20 bin yıl önce insanlar nasıl yaşıyorlardı hiç düşündünüz mü? Nüfus çok az günümüzdeki gibi yüksek
binalar yo, trafik keşmekeşi yok, hava kirliliği yok insanlar neredeyse tamamen doğaya bağımlı halde 40’arlı
gruplar halinde yaşıyorlar. Belki bir çoğumuzun tercih etmeyeceği bir yaşam. Geçmişten günümüze insanlar
ihtiyaçlarını karşılamak için doğal çevreden yararlanmışlardır. İlk insanlar mağaralarda yaşamışlar
geçimlerini avcılık ve toplayıcılıkla sağlamışlardır. Yaklaşık 10 bin yıl önce Neolitik çağ insanlık tarihi için
dönüm noktalarından birini oluşturmuştur bu zamanda insanlar su kenarlarında yaşamaya başlamışlar
yerleşik hayata geçmişlerdir. İlk şehirlerin kuruluşu ta o zamanlara kadar dayanmaktadır. Artan nüfusla
birlikte insanların ihtiyaçları çeşitlenmiş ve artmıştır. İnsanlık tarihinin dönüm noktalarından birisi de sanayi
devrimi olmuştur. Sanayi devrimi sonrasında dünya nüfusunun hızla artması doğal kaynakların tüketimini
de hızlandırmıştır. Günümüzde doğal kaynakların bilinçsiz kullanımı beraberinde önünü almakta
zorlandığımız çevre sorunlarının yaşanmasına neden olmaktadır. Artık binlerce yıl önceki dünya yok
maalesef. İçinde bulunduğumuz yüzyılda ormanları tahrip ettik, atmosfere karbon salınımını artırarak
küresel ısınamaya neden olduk, bilinçsiz avlanma sonucu birçok canlının ya neslinin tükenmesine ya da
yaşam alanlarının daralmasına neden olduk. Dünyada 1 dakikada yaklaşık 30 futbol sahası büyüklüğünde
ormanın yok olduğunu okuduğumda içimden sanki bir parça kopmuştu. Son 200 yılsa atmosfere 2,3 trilyon
dolar karbon salınımı yapılmıştır. Yine gezegenimizdeki tüm toprakların yarısı son 150 yılda erozyon
nedeniyle yok oldu. Suyu da bilinçsiz kullandık bunun sonucunda su kaynakları hızla azaldı kişi başına düşen
su miktarı alarm verecek derecede düştü. Günümüzde kirlilik aşırı nüfus artışı, kuraklık nedeniyle her 10
kişiden biri temiz suya erişememektedir. Bu durumun geleceğin dünyasında bizlerin olmasa da
çocuklarımızın yaşamını nasıl etkileyecek siz düşünün. Bu durumun ilerleyen yıllarda su savaşlarına neden
olacağını önceki yazılarımda belirtmiştim. Birleşmiş Milletlere göre dünyayı gelecek yıllarda bekleyen en
büyük sorunlar su kıtlığı, küresel iklim değişikliği, küresel ısınma, kaynakların bilinçsiz kullanımı gibi çevresel
sorunlar gelmektedir.
Geçtiğimiz yıl dünya nüfusu 8 milyarı aştı. 2050 yılında ise 10 milyara yaklaşacağı tahmin edilmektedir.

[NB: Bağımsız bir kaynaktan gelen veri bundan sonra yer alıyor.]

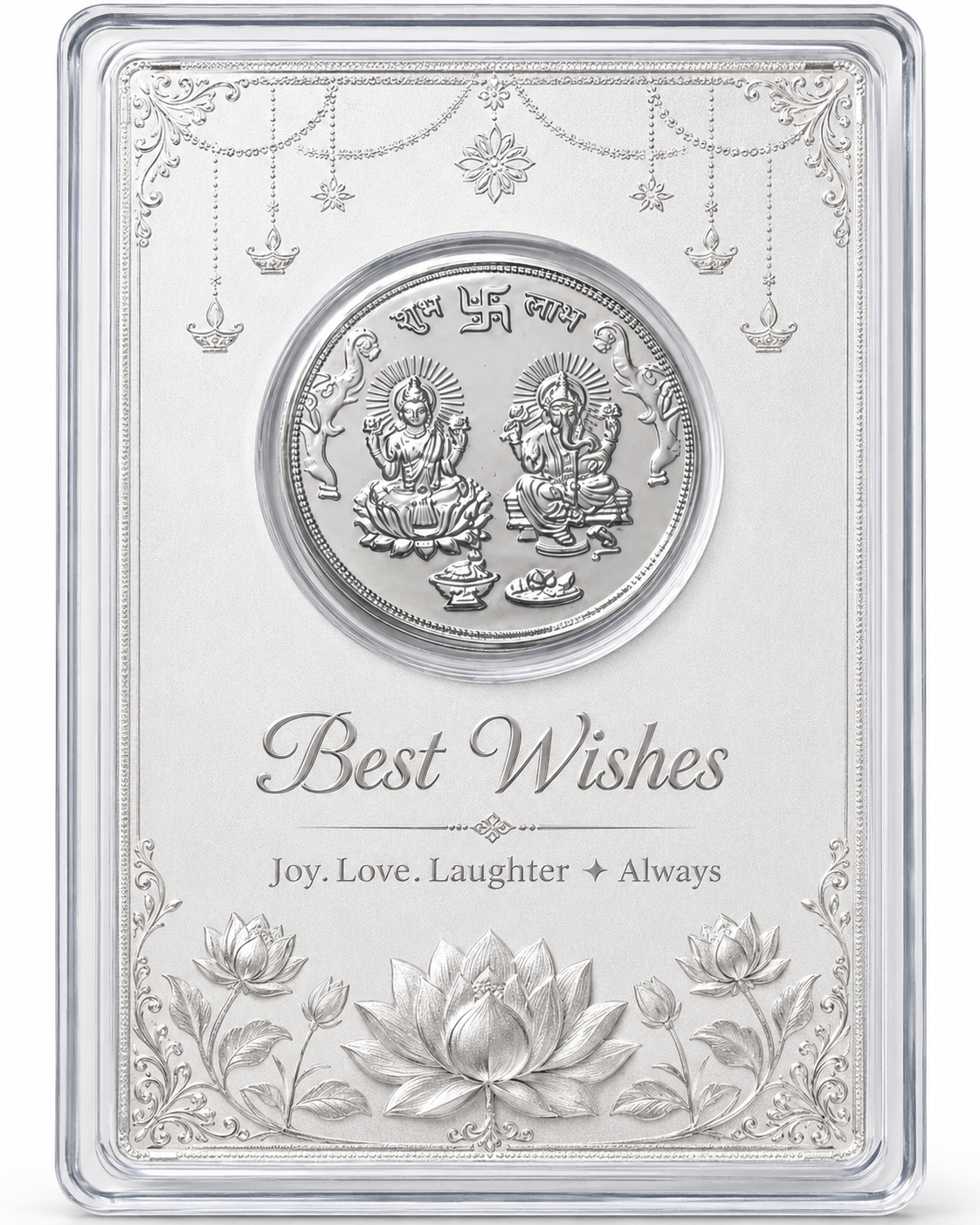 Best Wishes Silver Gift Card - 1 Gram 999 Pure Silver Coin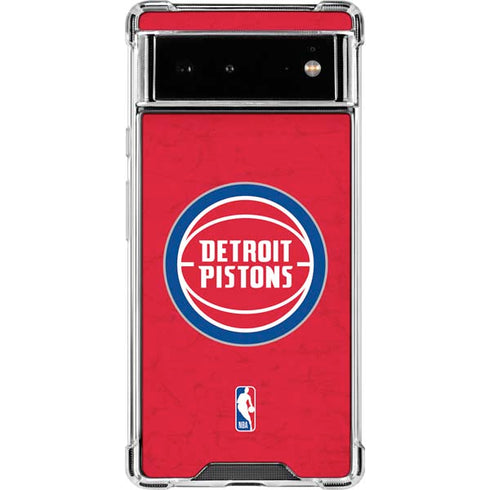 NBA Detroit Pistons Distressed Google Pixel 6 Clear Case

Bu durum ülkelerin çevreci ve sürdürülebilir politikalar izlemesini zorunlu kılmaktadır. Peki Türkiye’de
yaşadığımız şehrimizde, durum nasıl? Aslında evimizin balkonundan aşağı baktığımızda sokaklara çıkıp biraz
dolaştığımızda durumun hiçte iç açıcı olmadığını görmekteyiz. Türkiye OECD ülkeleri arasında en fazla nüfus
artış hızına sahip ülkeler arasındadır.2050 yılında Türkiye nüfusunun yaklaşık 95 milyon olacağı tahmin
ediliyor. Bu durum hali hazırda yaşanan çevresel sorunların önlem alınmazsa önümüzdeki yıllarda daha da
artacağı kesindir. Ülkemizde evrenin korunmasına dair yeni yasal düzenlemelerin ivedilikle yapılması
gerekmektedir. Örneğin yere çöp atamanın caydırıcı bir cezası yok, aslında cezaya da gerek yok. Her bir
bireyin yere çöp, atık, maske, sigara paketi ve sayamadığım atıkları atmaması gerektiğini bilmesi
gerekmektedir. Bu bilincin okul öncesi dönemde ve okul çağında her bir bireyde yerleştirilmesi
gerekmektedir. Çocuklara ilkokuldan itibaren akademik bilgiyi yüklemekten daha önemli olan çevre bilinci
oluşturmaktır. İlk okullarımızda hayat bilgisi derslerinde bunlar tabi ki veriliyor ama henüz yeterli seviyede
olduğunu düşünmüyorum. Burada hükümetlerin çevresel sorunları azaltmak için yaptıkları uluslararası
anlaşmalar, tükenebilir kaynaklar yerine temiz çevre dostu tükenmeyen kaynakların kullanılması en
önemlisi. Ayrıca her bireyin çevre bilincine sahip olması çevresini koruması gerekmektedir. Bilinçsizce
çevreye attığımız plastik şişelerin doğada yüzlerce yıl kaybolmadığını unutmayalım.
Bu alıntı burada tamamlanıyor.